ACTION ITEM:
The data below contains pictures, which are to be skipped; the lines starting at the line with "Let me know" and ending at the line with "The residents on" are to be output exactly, both ends included.

DATA FOR PROCESSING:
::::::::

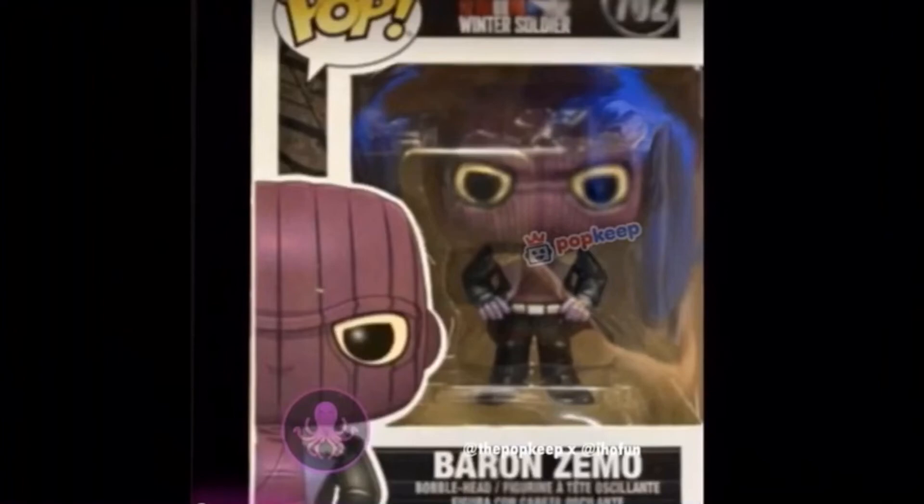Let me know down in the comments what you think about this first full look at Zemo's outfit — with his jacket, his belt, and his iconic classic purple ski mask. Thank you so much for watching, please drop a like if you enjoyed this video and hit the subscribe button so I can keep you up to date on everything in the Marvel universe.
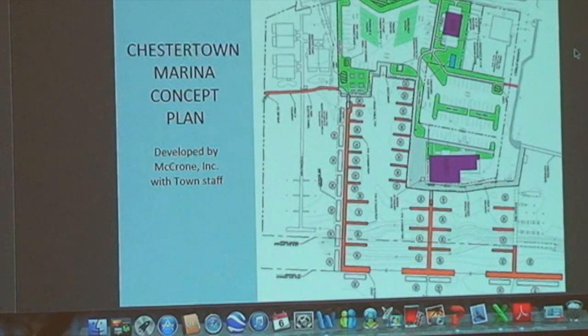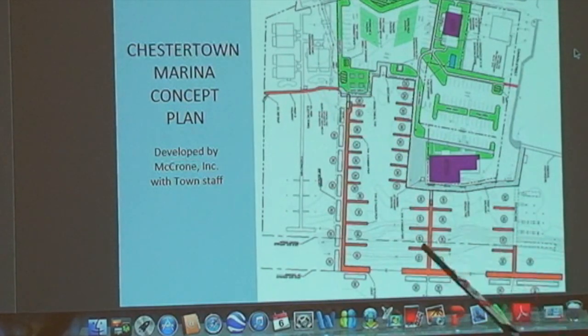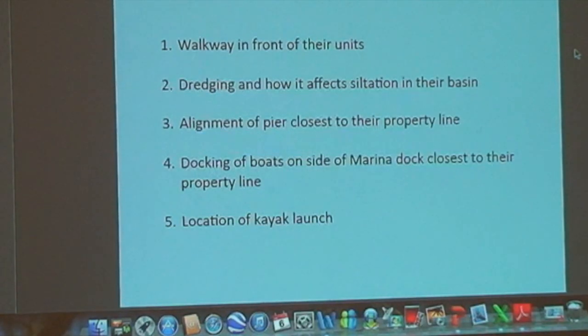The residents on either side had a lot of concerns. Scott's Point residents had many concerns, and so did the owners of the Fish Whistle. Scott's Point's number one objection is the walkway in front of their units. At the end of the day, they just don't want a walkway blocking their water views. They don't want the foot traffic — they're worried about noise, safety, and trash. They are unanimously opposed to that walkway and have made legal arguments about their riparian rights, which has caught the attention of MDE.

::::::::

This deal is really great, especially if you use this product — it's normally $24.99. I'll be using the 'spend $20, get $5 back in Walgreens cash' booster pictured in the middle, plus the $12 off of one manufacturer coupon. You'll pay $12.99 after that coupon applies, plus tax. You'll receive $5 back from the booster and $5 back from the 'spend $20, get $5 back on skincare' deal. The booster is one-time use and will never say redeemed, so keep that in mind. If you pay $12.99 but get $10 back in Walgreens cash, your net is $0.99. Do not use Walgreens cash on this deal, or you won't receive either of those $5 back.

::::::::

YOUR RESPONSE:
Let me know down in the comments what you think about this first full look at Zemo's outfit — with his jacket, his belt, and his iconic classic purple ski mask. Thank you so much for watching, please drop a like if you enjoyed this video and hit the subscribe button so I can keep you up to date on everything in the Marvel universe.
The residents on either side had a lot of concerns. Scott's Point residents had many concerns, and so did the owners of the Fish Whistle. Scott's Point's number one objection is the walkway in front of their units. At the end of the day, they just don't want a walkway blocking their water views. They don't want the foot traffic — they're worried about noise, safety, and trash. They are unanimously opposed to that walkway and have made legal arguments about their riparian rights, which has caught the attention of MDE.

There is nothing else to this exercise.